**ABOUT THIS TASK:** Go through the listing below and reproduce it word for word.

**EXERCISE MATERIAL:**
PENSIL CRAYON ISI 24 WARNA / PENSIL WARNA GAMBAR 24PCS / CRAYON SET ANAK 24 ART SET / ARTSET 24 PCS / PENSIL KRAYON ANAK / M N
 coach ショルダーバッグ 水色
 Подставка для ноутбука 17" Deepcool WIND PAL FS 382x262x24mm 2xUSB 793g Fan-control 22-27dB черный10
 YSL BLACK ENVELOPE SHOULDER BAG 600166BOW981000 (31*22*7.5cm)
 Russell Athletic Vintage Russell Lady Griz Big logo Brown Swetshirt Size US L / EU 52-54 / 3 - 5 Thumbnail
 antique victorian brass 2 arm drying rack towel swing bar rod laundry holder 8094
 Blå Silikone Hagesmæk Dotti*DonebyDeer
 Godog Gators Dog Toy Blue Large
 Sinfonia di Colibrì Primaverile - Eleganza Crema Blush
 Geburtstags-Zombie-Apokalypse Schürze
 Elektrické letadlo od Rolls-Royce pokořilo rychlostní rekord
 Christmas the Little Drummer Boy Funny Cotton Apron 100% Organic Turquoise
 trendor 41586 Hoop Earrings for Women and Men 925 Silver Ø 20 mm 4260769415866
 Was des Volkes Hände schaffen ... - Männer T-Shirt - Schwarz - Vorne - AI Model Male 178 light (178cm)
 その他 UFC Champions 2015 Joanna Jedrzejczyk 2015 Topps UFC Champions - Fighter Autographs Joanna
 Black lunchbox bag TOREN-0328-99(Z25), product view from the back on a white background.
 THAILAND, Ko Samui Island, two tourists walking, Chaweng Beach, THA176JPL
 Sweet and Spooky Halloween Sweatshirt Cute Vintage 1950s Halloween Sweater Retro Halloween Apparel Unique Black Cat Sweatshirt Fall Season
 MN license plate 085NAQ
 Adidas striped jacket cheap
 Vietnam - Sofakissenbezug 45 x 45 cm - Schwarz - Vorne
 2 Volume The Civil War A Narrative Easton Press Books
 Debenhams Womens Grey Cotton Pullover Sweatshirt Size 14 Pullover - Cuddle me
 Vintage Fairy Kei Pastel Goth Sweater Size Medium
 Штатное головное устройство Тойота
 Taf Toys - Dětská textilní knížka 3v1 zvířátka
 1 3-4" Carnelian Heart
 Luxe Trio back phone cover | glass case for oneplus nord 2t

**EXERCISE RESPONSE:**
PENSIL CRAYON ISI 24 WARNA / PENSIL WARNA GAMBAR 24PCS / CRAYON SET ANAK 24 ART SET / ARTSET 24 PCS / PENSIL KRAYON ANAK / M N
 coach ショルダーバッグ 水色
 Подставка для ноутбука 17" Deepcool WIND PAL FS 382x262x24mm 2xUSB 793g Fan-control 22-27dB черный10
 YSL BLACK ENVELOPE SHOULDER BAG 600166BOW981000 (31*22*7.5cm)
 Russell Athletic Vintage Russell Lady Griz Big logo Brown Swetshirt Size US L / EU 52-54 / 3 - 5 Thumbnail
 antique victorian brass 2 arm drying rack towel swing bar rod laundry holder 8094
 Blå Silikone Hagesmæk Dotti*DonebyDeer
 Godog Gators Dog Toy Blue Large
 Sinfonia di Colibrì Primaverile - Eleganza Crema Blush
 Geburtstags-Zombie-Apokalypse Schürze
 Elektrické letadlo od Rolls-Royce pokořilo rychlostní rekord
 Christmas the Little Drummer Boy Funny Cotton Apron 100% Organic Turquoise
 trendor 41586 Hoop Earrings for Women and Men 925 Silver Ø 20 mm 4260769415866
 Was des Volkes Hände schaffen ... - Männer T-Shirt - Schwarz - Vorne - AI Model Male 178 light (178cm)
 その他 UFC Champions 2015 Joanna Jedrzejczyk 2015 Topps UFC Champions - Fighter Autographs Joanna
 Black lunchbox bag TOREN-0328-99(Z25), product view from the back on a white background.
 THAILAND, Ko Samui Island, two tourists walking, Chaweng Beach, THA176JPL
 Sweet and Spooky Halloween Sweatshirt Cute Vintage 1950s Halloween Sweater Retro Halloween Apparel Unique Black Cat Sweatshirt Fall Season
 MN license plate 085NAQ
 Adidas striped jacket cheap
 Vietnam - Sofakissenbezug 45 x 45 cm - Schwarz - Vorne
 2 Volume The Civil War A Narrative Easton Press Books
 Debenhams Womens Grey Cotton Pullover Sweatshirt Size 14 Pullover - Cuddle me
 Vintage Fairy Kei Pastel Goth Sweater Size Medium
 Штатное головное устройство Тойота
 Taf Toys - Dětská textilní knížka 3v1 zvířátka
 1 3-4" Carnelian Heart
 Luxe Trio back phone cover | glass case for oneplus nord 2t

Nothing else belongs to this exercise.